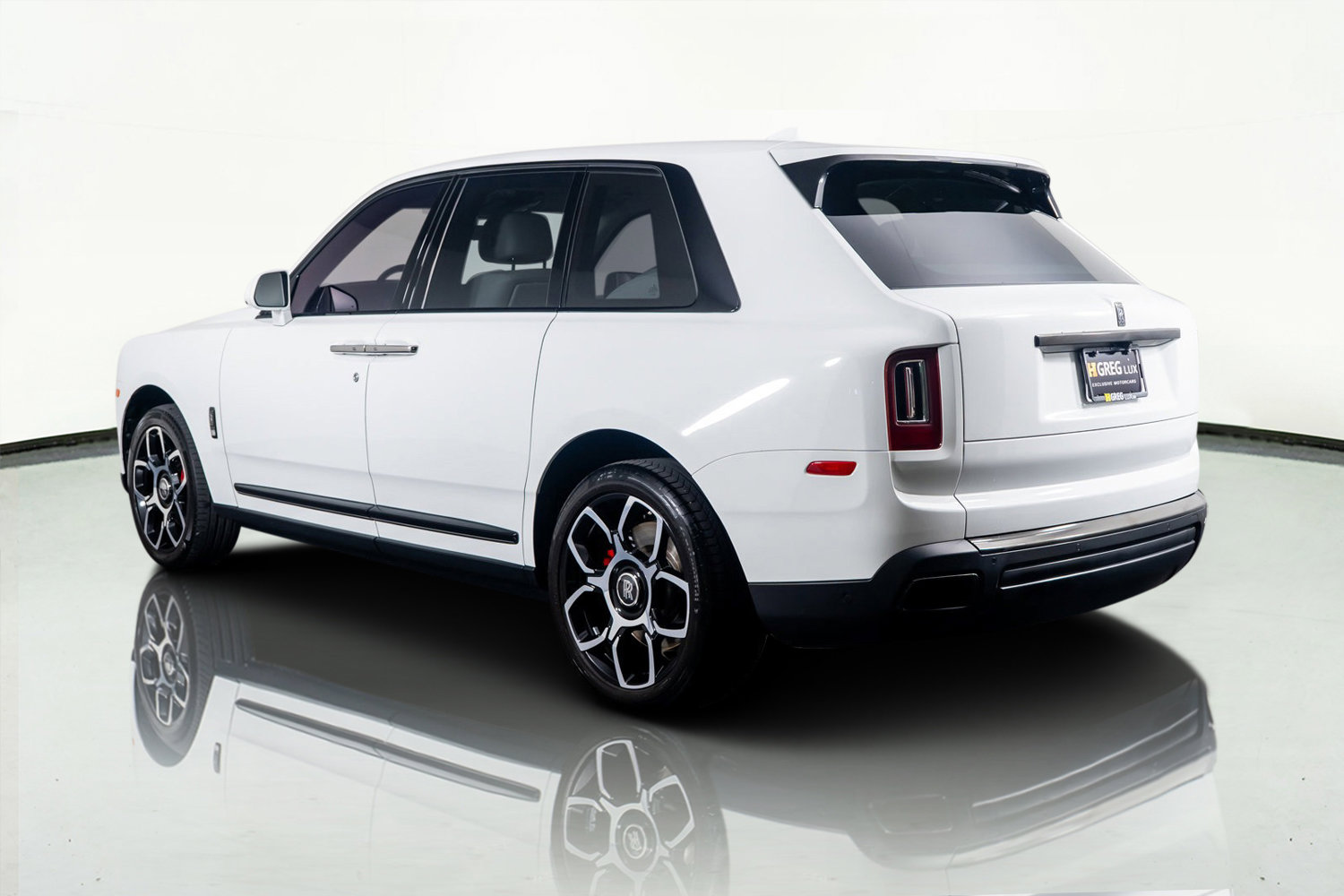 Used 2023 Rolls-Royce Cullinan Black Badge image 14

▬▬▬▬▬▬

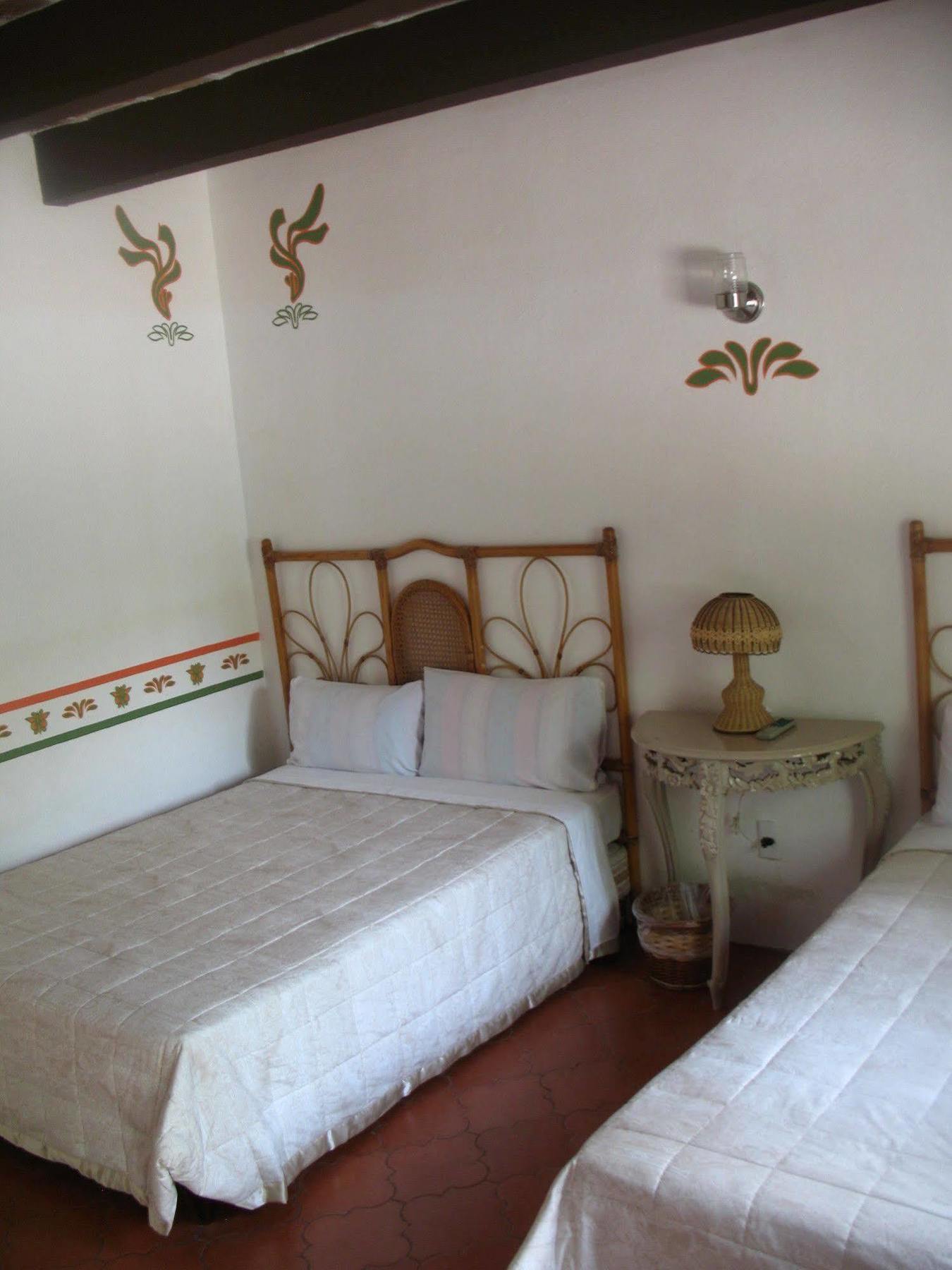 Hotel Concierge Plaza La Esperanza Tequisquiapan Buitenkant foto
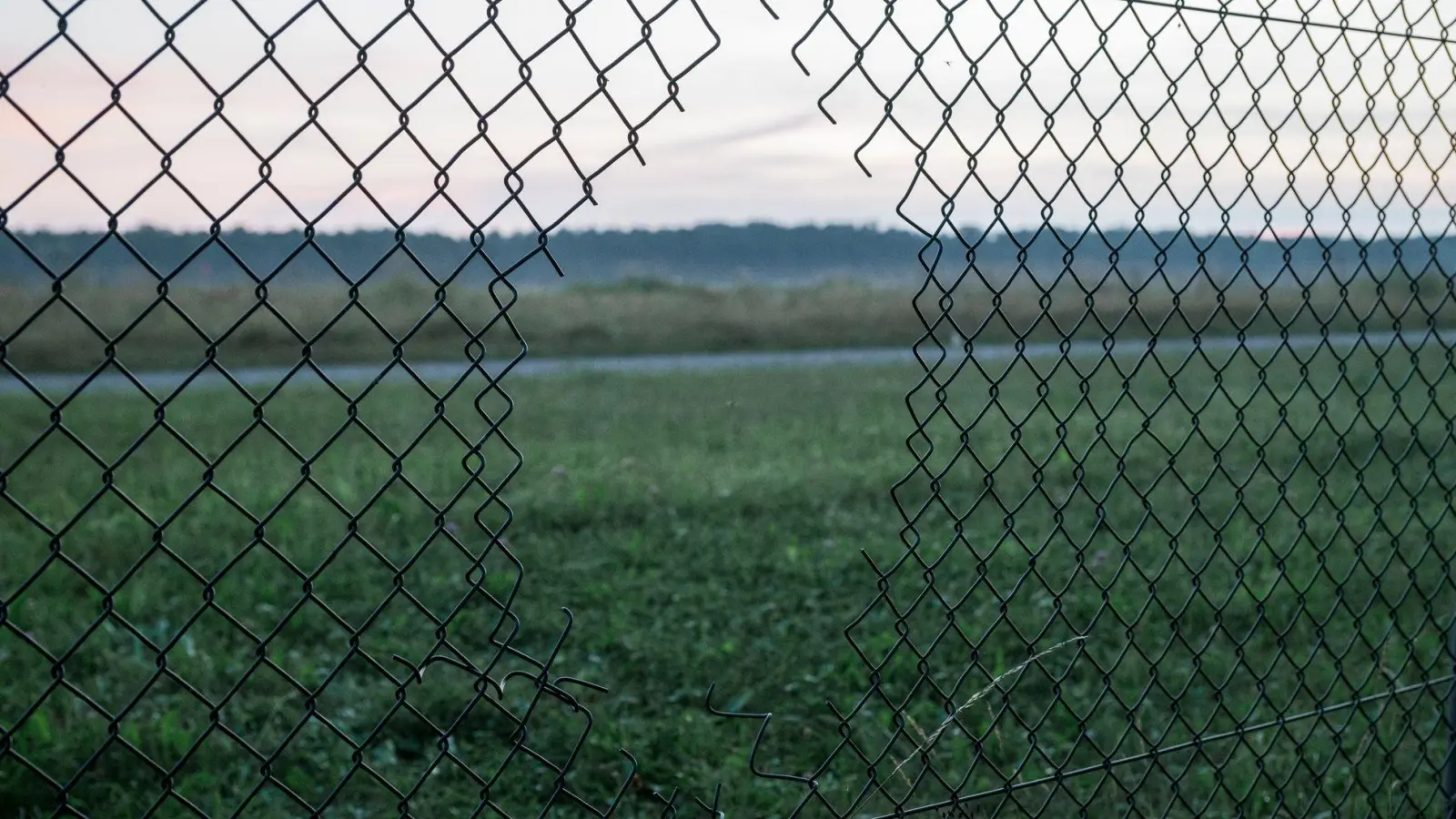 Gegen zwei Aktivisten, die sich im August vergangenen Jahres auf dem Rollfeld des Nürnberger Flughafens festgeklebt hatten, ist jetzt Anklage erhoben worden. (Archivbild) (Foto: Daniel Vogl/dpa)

▬▬▬▬▬▬

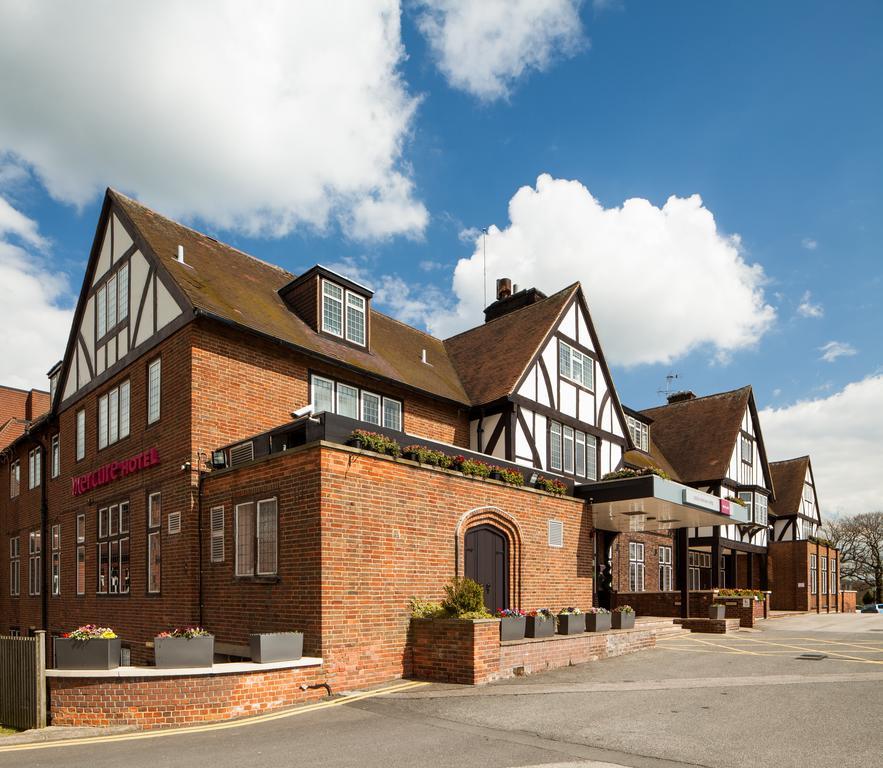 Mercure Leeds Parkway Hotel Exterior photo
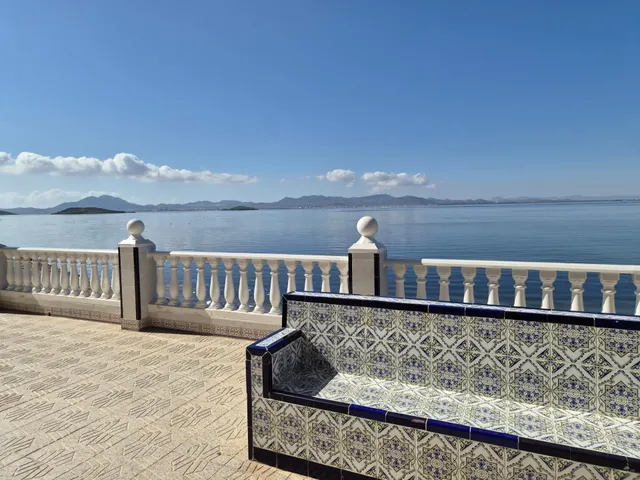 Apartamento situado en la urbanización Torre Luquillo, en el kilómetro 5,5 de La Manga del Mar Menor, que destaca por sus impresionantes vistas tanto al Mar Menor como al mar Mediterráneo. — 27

▬▬▬▬▬▬

**EXERCISE DESCRIPTION:** Could you transcribe exactly the entries above, but only the lines from the one with "Mercure Leeds Parkway Hotel Exterior photo" through the one with "Apartamento situado en", and without pictures?

**PROBLEM SOLUTION:**
 Mercure Leeds Parkway Hotel Exterior photo
 Apartamento situado en la urbanización Torre Luquillo, en el kilómetro 5,5 de La Manga del Mar Menor, que destaca por sus impresionantes vistas tanto al Mar Menor como al mar Mediterráneo. — 27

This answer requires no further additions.